Chegado da guerra, estava na casa dos 40 anos quando começa a trabalhar no então PPD como segurança, a convite de João Inácio Simões de Almeida. «Fazia vigilância à sede nacional na Duque de Loulé». Estávamos em 1974 e, como um dos primeiros militantes, foi um dos nomes a subscrever a petição para legalizar o PPD.
Três anos depois transita para o gabinete de imprensa, onde manteve funções até ao final de 2017, quando aceitou o convite para se juntar à Casa Civil da Presidência da República. Uma decisão que surpreendeu quase todos, mas há quem garanta que o atual Presidente foi dos líderes do PSD com quem mais gostou de trabalhar. Algo nunca confirmado pelo assessor, extremamente reservado na hora de dar a sua opinião sobre os presidentes do PSD.
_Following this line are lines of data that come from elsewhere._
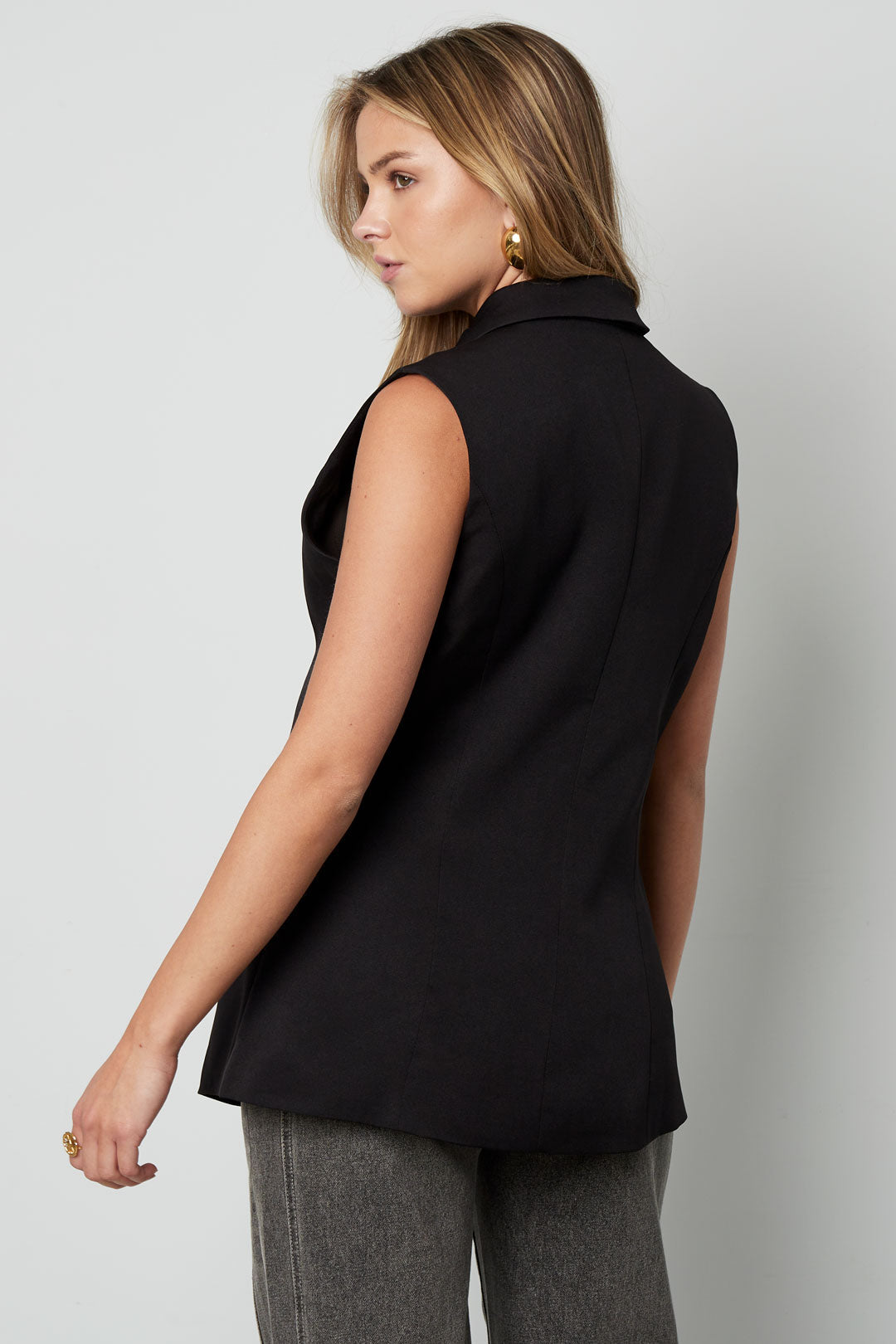 Blazer pour femme à coupe asymétrique et sans manches – violet – photo 8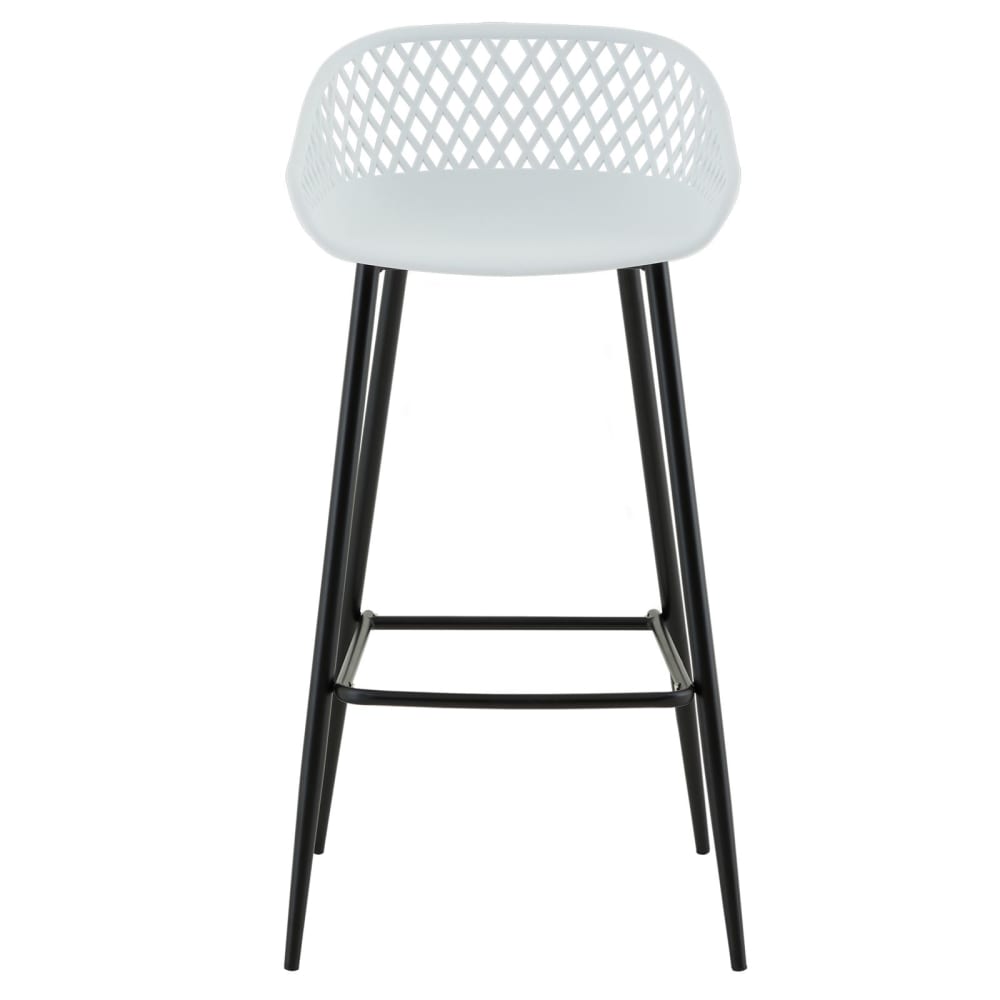 IDIMEX 2er-Set Barhocker aus Kunststoff, weiß/schwarz style industrial - Pp - Polypropylen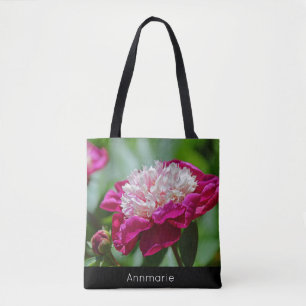Pfingstrosen-Garten-Blume mit Text Tasche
Marcelo Rebelo de Sousa falou na quinta-feira com o Expresso, pouco após ser conhecida a notícia da morte do amigo. E sublinhou que as sondagens do PSD ainda faziam «brilhar os olhos» ao companheiro de partido. Já na página da Presidência da República deixou uma nota evocativa. «Demonstrando, sempre, que as virtudes pessoais valem mais do que os cargos e as funções, e que a força da Democracia nasce do humilde contributo de todos os dias ao serviço dos outros. O Presidente da República agradece o seu exemplo. O companheiro de meio século de percurso comum recorda, com infinita saudade, a sua inexcedível amizade».
O corpo de Zeca Mendonça estará em câmara ardente a partir das 18h00 de hoje na Basílica da Estrela. Amanhã, domingo, haverá missa de corpo presente às 14h30. O corpo será depois sepultado no Cemitério da Galiza, no Estoril.